A new series on new talented singers. Marcello Nardis
reveals his potential at the Festival of Martina Franca

“I am not good with words, but there is one thing I would ask of you: that our efforts not be wasted, that you do not forget what little I have given you. Take it and apply it to other scores, so that your phrasing, your diction, your knowledge, and your courage will be stronger – especially your courage. Do not think singing is an easy career. It is a lifetime’s work; it does not stop herte. As future colleagues, you must carry on. Fight bad tradition; remember, we are servants to those better than us – the composers. They believed; we must believe”.

“Whether I continue singing or not doesn’t matter. What matters is that you use whatever you have learned wisely. Think of the expression of the words, of good diction, and of your own deep feelings. The only thanks I ask is that you sing properly and honestly. If you do this, I will feel repaid”.
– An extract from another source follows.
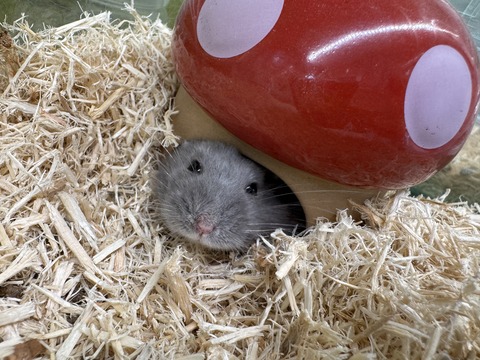 今週のはむちゃんズ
So Maria Callas on 16th 1972, at the end of her Masterclass at the Jiuillard School of Music in New York. A recurring wish of good luck towards young singers, because they represent the future for music and opera, and perhaps also because the beginning of a career is never easy, not even for the outstanding primadonna.
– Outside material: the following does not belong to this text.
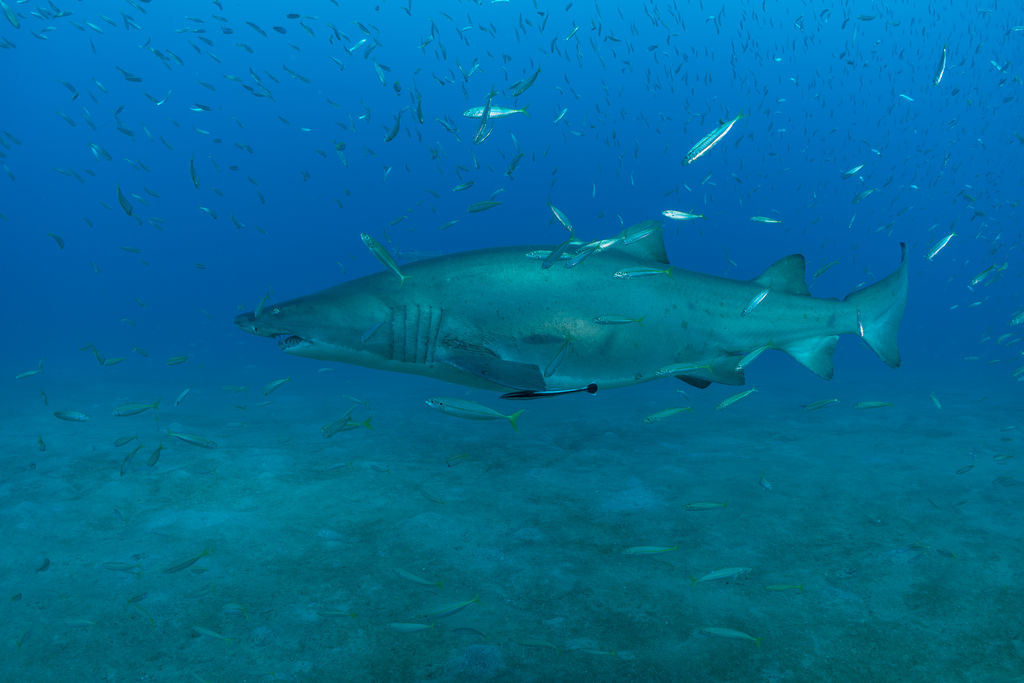 774a6dca-07fc-4b6d-95f2-8c7456a87704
Everybody must dedicate themselves, go far and beyond themselves, suffering hugely before reaching the top. Maria Callas, in Terence Mc Nelly’s “Masterclass”, which was successfully performed all over the world, shows her partiality, among her students from New York, for a young tenor, originally born Italian.

We want to start our gallery dedicated to young lyric singers with a 25 years old Roman tenor, who has already gained recognition, particularly in July in Martina Franca performing Eraclide, King of Agrigento, in “I giochi di Agrigento” by Giovanni Paisiello, the opera that marked the opening of the Fenice Theatre on May 16th 1792 and was never performed again.

 

Marcello Nardis has succeded in facing up to the difficult comparison with the famous Giacomo David, the best tenor at the end of the 18th century.

His interpretation of Eraclide at the Fenice Theatre was musically brilliant, reaching the full range of high notes. A real star of his time, Giacomo David “was a truly vigorous declaimer and a first class virtuoso – Rodolfo Celletti writes – His major skill consisted in his agile cleverness, based on vocal passages performed with a full voice, with nourished and incisive trills.

Since the first aria – Nardi says – Eraclide is to be noted for his wide phrasal expressions, his almost pre-romantic vocalism, his heroic ranging and fierce timbre, which easily becomes high or remains solid and sound.

The cadenzas appear very hard, shifting from octave to high notes (do and re).

Two very young primadonnas were also greatly praised in Martina Franca, Maria Laura Martorana and Hara Lanfranch, performibng with immense skill and virtuosity Aspasia and Egesta.

Marcello Nardis has already sung for the Pope John Paul II, live in Toronto on the occasion of the XVII World Youth Day.

His debut was in October 2005 at the National Opera Theatre of Tokyo with Verdi’s “Oberto, Count of St. Boniface”, which was performed for the first time in Japan and was much appreciated by critics.